### [THE PROBLEM]
The data must be reproduced verbatim; images are to be omitted.

### [DATASET EXCERPT]

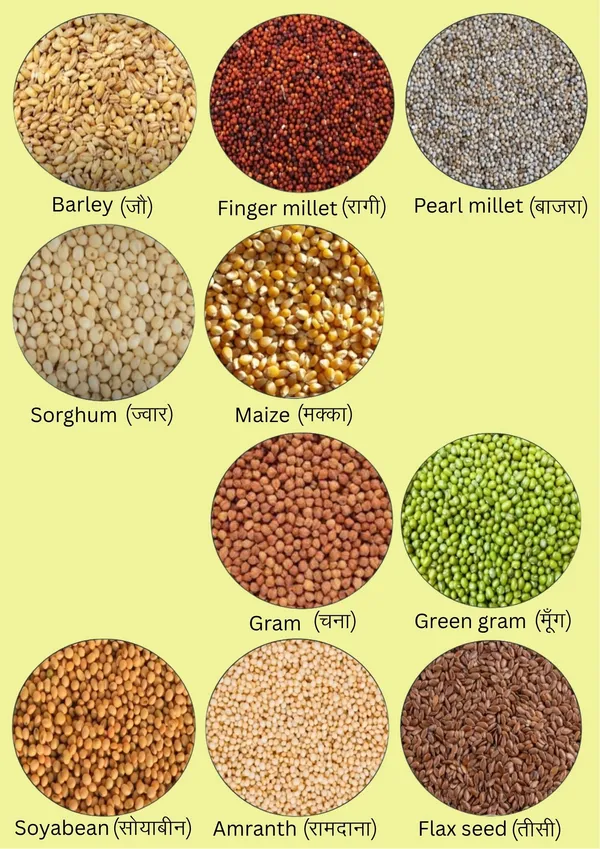 Shreewastawa's__Sugar_Free_Multigrain_Flour,_Gluten_Free,_With_Barley,_Ragi,_Pearl_Millet,_Sorghum,_Flax_Seed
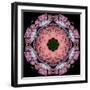 Symmetric Layer Work from Flower Photographs-Alaya Gadeh-Framed Photographic Print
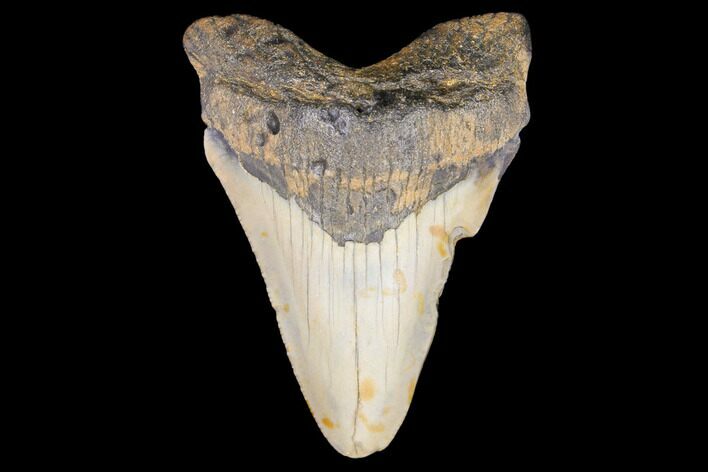 Juvenile Megalodon Tooth - North Carolina #147757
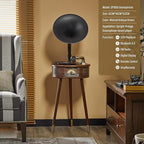 Gramophone Record Player，Italian Style Gramophone Vinyl Record Player - Image 3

### [EXERCISE ANSWER]
 Shreewastawa's__Sugar_Free_Multigrain_Flour,_Gluten_Free,_With_Barley,_Ragi,_Pearl_Millet,_Sorghum,_Flax_Seed
 Symmetric Layer Work from Flower Photographs-Alaya Gadeh-Framed Photographic Print
 Juvenile Megalodon Tooth - North Carolina #147757
 Gramophone Record Player，Italian Style Gramophone Vinyl Record Player - Image 3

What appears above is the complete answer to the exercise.